Are the architects of the financial crisis immune to prosecution simply because it would be too complex? So says an ex-official from the Justice Department. ProPublica writes:
Years after the financial crisis, there have still been no prosecutions of top executives at the major players in the financial crisis. Why’s that? Well, according to a now-departed Justice Department official who used to be in charge of investigating such matters, the Justice Department has decided that holding top Wall Street executives criminally accountable is too difficult a task.
David Cardona, who recently left the FBI for a job at the Securities and Exchange Commission, told the Wall Street Journal that bringing financial wrongdoing to account is “better left to regulators,” who can bring civil cases:
While at the FBI, Mr. Cardona oversaw dozens of criminal probes of large financial firms. The FBI’s probes haven’t led to any successful prosecutions of high-profile executives in relation to the financial crisis, despite demands from some lawmakers and angry Americans.

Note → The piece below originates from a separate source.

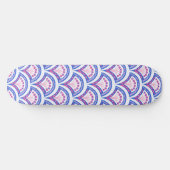 blauw damaspatroon persoonlijk skateboard (Horizontaal)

In contrast, the SEC has filed crisis-related civil-fraud cases against 81 firms and individuals, and it has negotiated almost $2 billion in penalties in cases that have been settled.

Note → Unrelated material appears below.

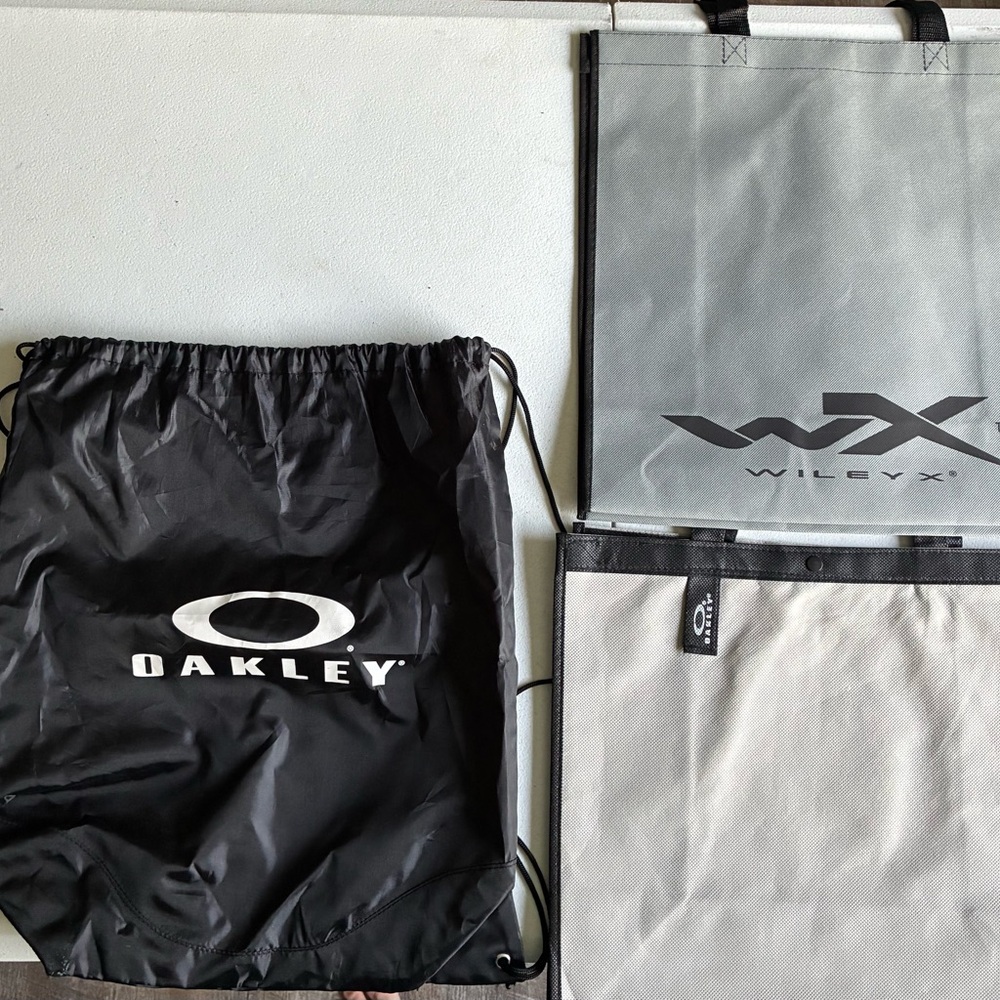 Oakley And Wiley X Reusable Tote Bags.  New.  Never Used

Cardona told the Journal that the failed first attempt to charge financial players with crisis-related fraud — the 2009 trial and eventual acquittal of two Bear Stearns Cos. hedge-fund managers — triggered “a lot of rethinking on how we do things.” After that, he said, the federal government began to question its “ability to convince a jury that criminality has occurred” on complex and technical financial cases.